Simmons took part in that first walk when he was 22. Today, he is a coordinator for the event.
This group walking the northern route arrived in Northern Nevada on Sunday night and walked from south Carson City to the Carson Colony on Monday morning. After taking part in a powwow and spending the night at the gymnasium there, they leave this morning to continue their trek to Silver Springs. On Wednesday, they move on to Fallon, eventually reaching Utah between March 1 and 3. The walkers expect to hit Colorado on March 14 and Kansas on April 8. And before their final destination in the nation’s capital on July 11, they’ll visit Missouri, Illinois, Indiana, Ohio, West Virginia, Pennsylvania and Maryland.
The southern route walkers also left Alcatraz on Feb. 11 and will make their way through Arizona, New Mexico, Oklahoma, Louisiana, Mississippi, Alabama, Tennessee and Virginia.
Willie Lonewolf of Oakland intends to walk the whole route.
“I’m dedicating this walk to my ancestors,” said the drum keeper and singer. “We need to be aware of what’s going on in America.”
Tony Bautista of Sacramento is not walking any farther than Carson City. Life gets in the way sometimes, Bautista said, and he only had enough time to make the California-to-Nevada trek.
But he felt so strongly about the message that the walk conveys, he needed to take part.
“A lot of the Native American sites are getting exploited, and that’s what a big part of this walk is about, but it’s also about sacred sites from around the world,” he said, noting one of the walkers is a Japanese Buddhist monk who came to the United States specifically for the event.
Bautista said anyone can take part, even if they just walk a short distance. If you care enough about the mission, walking just a few blocks is enough, he said.

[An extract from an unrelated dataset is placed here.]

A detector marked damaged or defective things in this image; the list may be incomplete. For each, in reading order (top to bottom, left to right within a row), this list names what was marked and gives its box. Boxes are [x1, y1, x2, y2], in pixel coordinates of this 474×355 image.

“Yesterday when we were in Tahoe, there might have been 50 people walking. Today, the children from around here walked with us; there were at least 20 children around us,” he said.
A mobile, solar-powered, Web-streaming radio station is going along with the north route walkers. They Webcast live daily from 10 a.m. to 2 p.m. at longestwalk.com.
According to the Web site, the purpose of the northern route is to carry the message from the Longest Walk of 1978: “The Longest Walk is an Indian spiritual walk, a historical walk; and it is a walk for educational awareness to the American and the world communities about the concerns of American Indian people. This route will carry the message of renewing the spirit by walking in the footsteps of our ancestors.”